As the decades continue to separate listeners from the performers and performances that they cite as definitive, today’s singers are increasingly compared, often unfavorably, to artists whom neither they nor their analysts have ever heard except via recordings. There is always value in assessing the merits of an artist’s work in the context of similar achievements by acclaimed artists of prior generations, but is there any true validity in dismissing a singer’s interpretation of a piece or a rôle because it is judged to be inferior to a performance by a long-dead artist whose preeminence is now affirmed exclusively by recordings? Does the artistry of an aspiring Siegfried meaningfully benefit from the singer being said to be no Melchior by someone who never heard Melchior? Without neglecting the models of history, must it not be more nurturing to artists and advantageous to the continued vitality of opera to principally base assessments of singers upon their own efforts? Genuinely great artists rarely publicly disparage the work of their colleagues and successors: a component of their greatness is perhaps the realization that success should be determined by how accurately and appropriately a singer performs a piece of music, not by how closely that performance emulates another artist’s interpretation.

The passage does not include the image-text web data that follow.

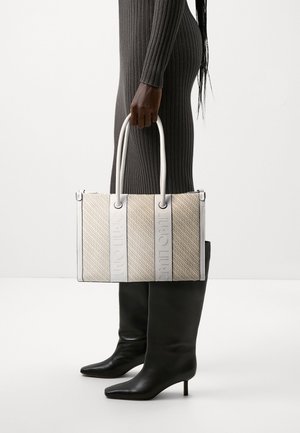 Bolso de mano tejido beige con acentos de cuero blanco y logo grabado. Forma rectangular, doble asa y patrón texturizado. Botas negras hasta la rodilla.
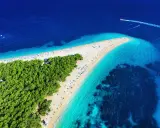 Widok z lotu ptaka na słynne chorwackie plaże Zlatni Rat. Turkusowa woda, biały piasek i zielony las tworzą rajski krajobraz.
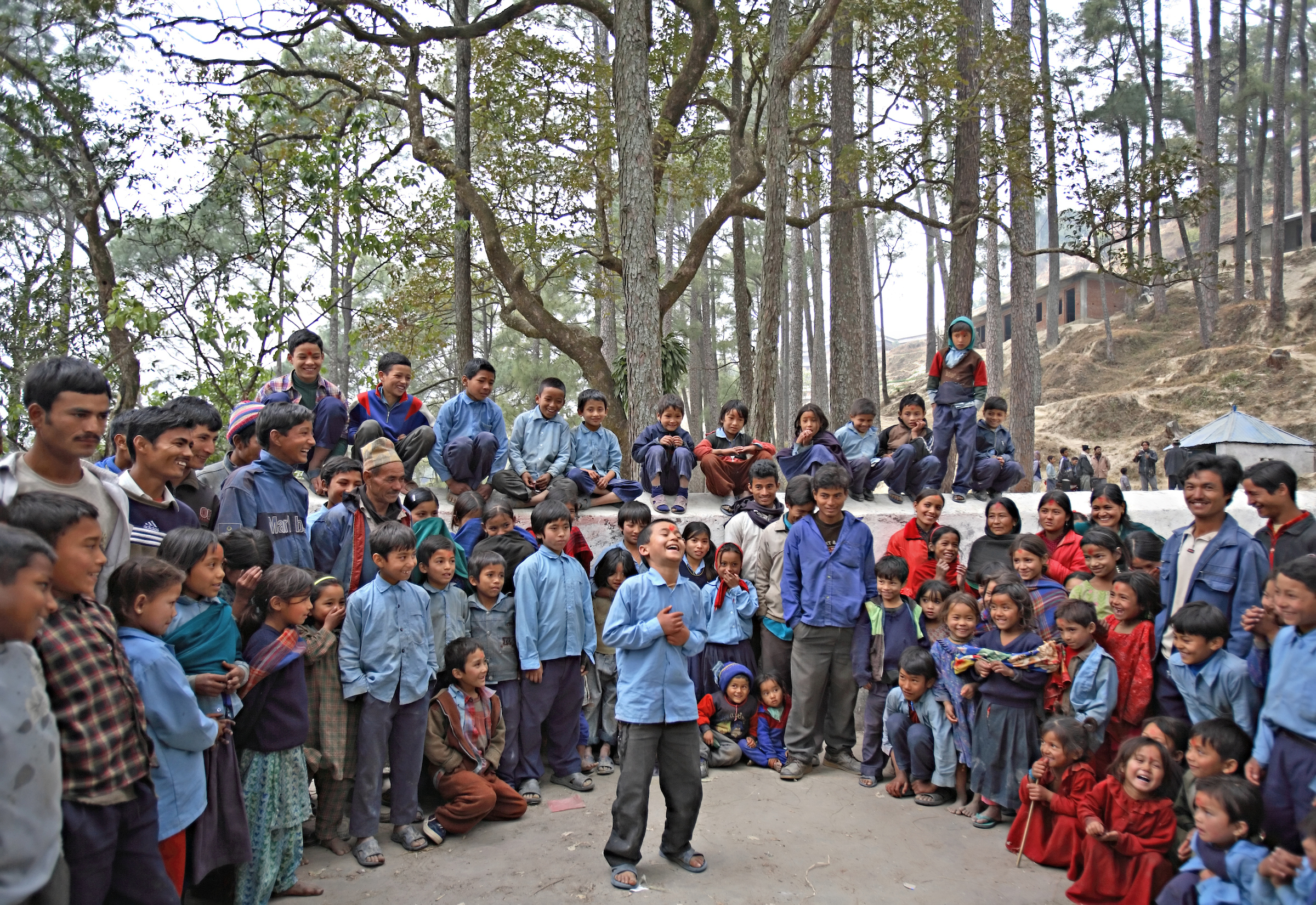 Capitalizing on the crowds, Shanta, 14, performs a skit against child marriage in the minutes following two child marriage ceremonies in Kagati village, Nepal.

As vocal longevity is a crucial gauge of the efficacy of a singer’s technical foundation, it is premature to proclaim Norwegian soprano Lise Davidsen the heir apparent to the legacies of her legendary predecessors in the repertoire sampled on this captivating Decca release, the music of Richard Wagner and Richard Strauss. As a Scandinavian singer with an affinity for works by Wagner and Strauss, it is inevitable that Davidsen will endure comparisons with other Nordic artists who similarly excelled, singers including fellow Norwegians Kirsten Flagstad and Ingrid Bjoner, Swedes Astrid Varnay, Birgit Nilsson, Berit Lindholm, and Siv Wennberg, and the Finn Anita Välkki. The collective influence of these artistic ancestors is unavoidable (and should not be avoided), but Davidsen has proved in her career to date to be a singer who approaches music without preconceptions. The extensive performance histories of the works on this disc are too consequential to be ignored, but Davidsen’s singing is that of an artist who is destined to create her own history.

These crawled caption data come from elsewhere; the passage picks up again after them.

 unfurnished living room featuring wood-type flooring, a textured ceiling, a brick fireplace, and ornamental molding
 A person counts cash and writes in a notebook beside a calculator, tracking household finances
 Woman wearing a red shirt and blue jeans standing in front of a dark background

It is indicative of Davidsen’s potential that, for her first recital disc, she was given the gift of collaborating with the Philharmonia Orchesta and conductor Esa-Pekka Salonen. The prominence of music by Wagner and Strauss in her repertoire notwithstanding, Davidsen is a versatile artist: she demonstrated impressive mastery of late Classicism in her singing of the title rôle in the 2017 Wexford Festival production of Cherubini’s Medea, for example, and her Metropolitan Opera début, scheduled for 29 November 2019, will be as Lisa in Tchaikovsky’s Pikovaya dama. Not least in his capacity as the Philharmonia’s principal conductor, Salonen’s work manifests a kindred artistic inquisitiveness, and he shares with Benjamin Britten and Leonard Bernstein the boon of bringing a composer’s sensibilities to the podium.

In the performances on this disc, the same concentration on setting tempi that aid both composer and singer and supporting the voice by identifying its proper place within orchestral textures that characterize his conducting of a work like György Ligeti’s Le grand macabre also permeate his pacing of these pieces by Wagner and Strauss. The virtuosic panache with which the Philharmonia musicians respond to Salonen’s leadership is not surprising, but playing of this caliber on a recording of this nature is uncommon. Many fine recital discs have been recorded with merely competent orchestras and conductors. Nonetheless, a Monet canvas looks out of place in a mass-produced frame, and Salonen and the Philharmonia offer Davidsen’s musical portraiture the opulent presentation it deserves.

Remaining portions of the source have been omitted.